You got a lot of ‘splainin to do, National Weather Service.
We’d thought we’d be writing how now the big digging begins. But we can’t even do that. Cause it wasn't that big. At least not in Philly and New York.
After scaring 29 million people in the Northeast that it was End Times, Blizzard 2015 was largely a bust. We’re hashtagging it #SnowJob2015.
Boston was a different story, where more than a foot was on the ground and the storm, now a Nor'easter, was still going strong as lunchtime approached. More than 25,000 Massachusetts customers lost power, mostly on the South Shore, South Coast and Cape Cod. And a three-foot surge cause massive flooding.
For New York City and Philly, however, it was a cakewalk.Central Park got less than eight inches.
New York Gov. Andrew Cuomo, who was slammed for criticizing forecasters a few weeks back after upstate Buffalo was buried in seven feet of snow, smiled when discussing the costly, epic failures of the weather men and women who are supposed to be the experts.

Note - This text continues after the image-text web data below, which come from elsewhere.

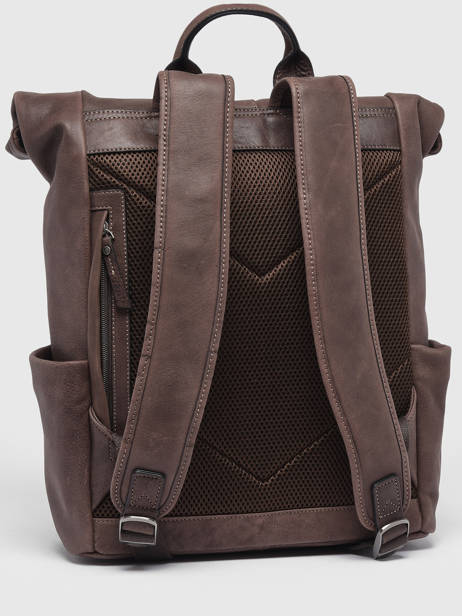 Leather Spider Backpack 2 Compartments Etrier spider ESPI8102 other view 4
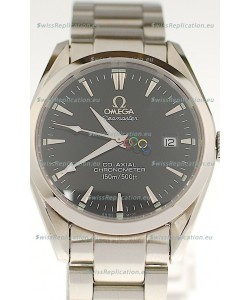 Omega SeaMaster CO AXIAL Swiss Replica Watch in Black Dial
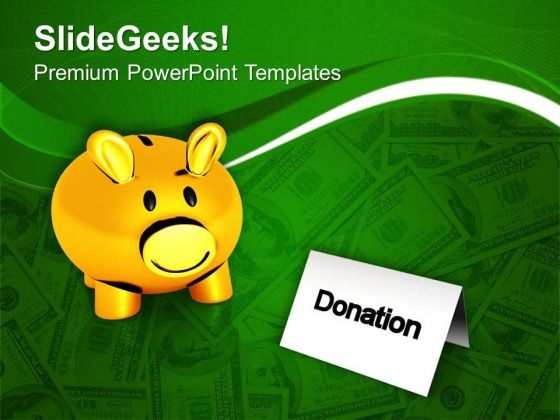 Donation Money Charity Theme PowerPoint Templates Ppt Backgrounds For Slides 0413
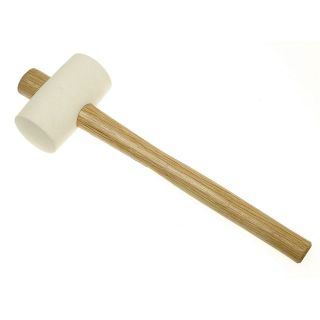 Faithfull Rubber Mallet - White 794g (28oz) FAIRMW3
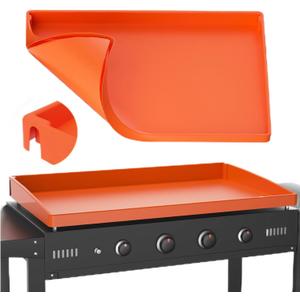 Carry360 Silicone Grill Cover for Blackstone 28 Inch Griddle | Full Coverage Protector Mat | Food Grade Heavy Duty | Prevents Rust & Debris | Reusable BBQ Accessory  (28" x 18" x 2.4", Orange)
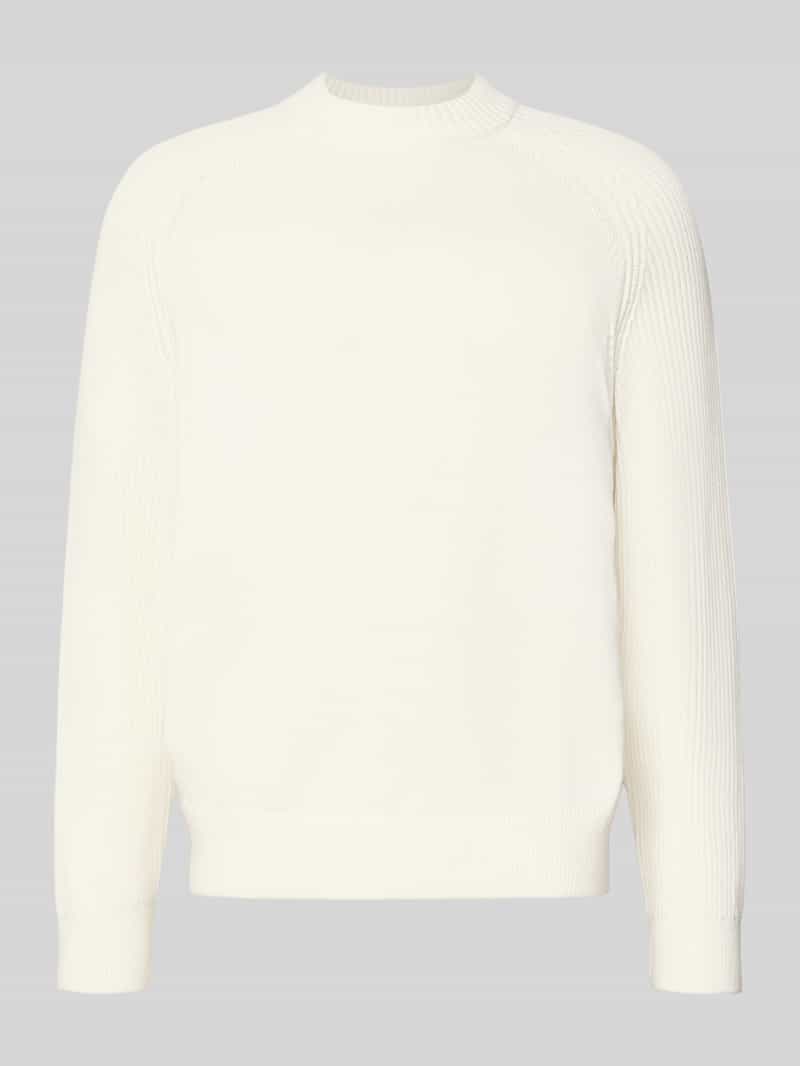 Sweter z dzianiny o kroju regular fit z czystej bawełny model ‘DERECK’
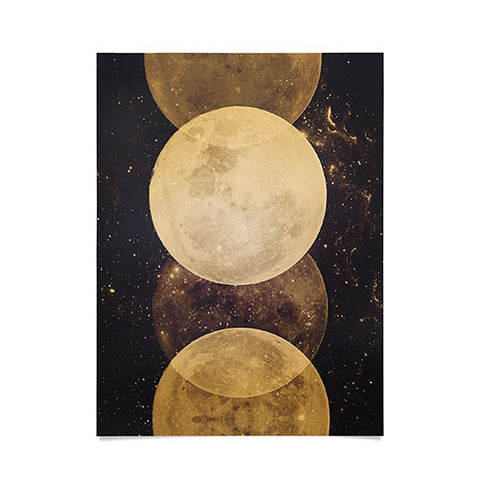 Emanuela Carratoni Golden Moon Phases Poster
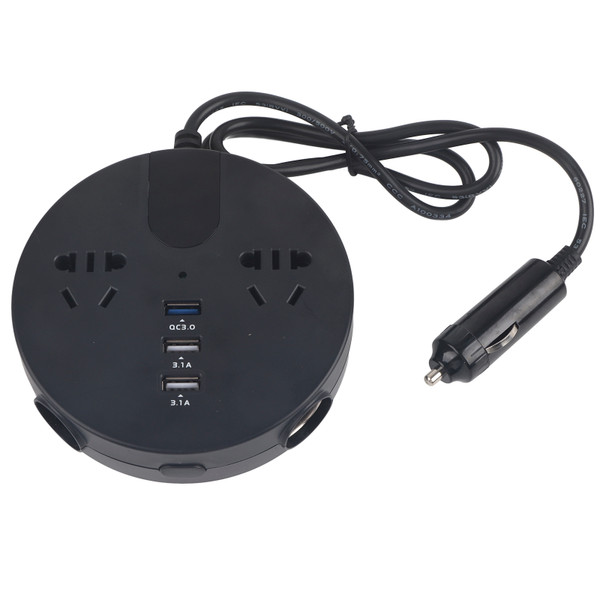 150W Power Source Inverter 12‑24V to  Car Adapter LED Digital Display Vehicle Inverter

A wry look on his face at his 8 a.m. presser, he would only say: “They do the best they can and we respond as best we can.”

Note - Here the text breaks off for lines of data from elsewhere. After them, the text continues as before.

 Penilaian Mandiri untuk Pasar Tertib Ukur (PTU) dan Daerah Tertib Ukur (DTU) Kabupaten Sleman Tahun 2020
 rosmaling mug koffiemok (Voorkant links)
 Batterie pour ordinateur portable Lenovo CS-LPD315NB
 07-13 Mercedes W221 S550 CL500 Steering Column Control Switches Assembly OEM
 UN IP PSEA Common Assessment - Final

“I much rather be in a situation where we say ‘We got lucky.’”
One of the responses that is frustrating commuters is that Cuomo and governors in Jersey and Conn. Instituted travel bans and completely shut down bus and train service. Buffalo, by the way, with its seven feet weeks, ago, had no such ban.
All those bans are now lifted and in the Big Apple, and mass transit by noon is expected to be on a Sunday schedule.
One top meteorologist, Gary Szatkowski, apologized for the epic forecast failure.
"My deepest apologies to many key decision makers and so many members of the general public," said the National Weather Service weather man. "You made a lot of tough decisions expecting us to get it right, and we didn't. Once again, I'm sorry."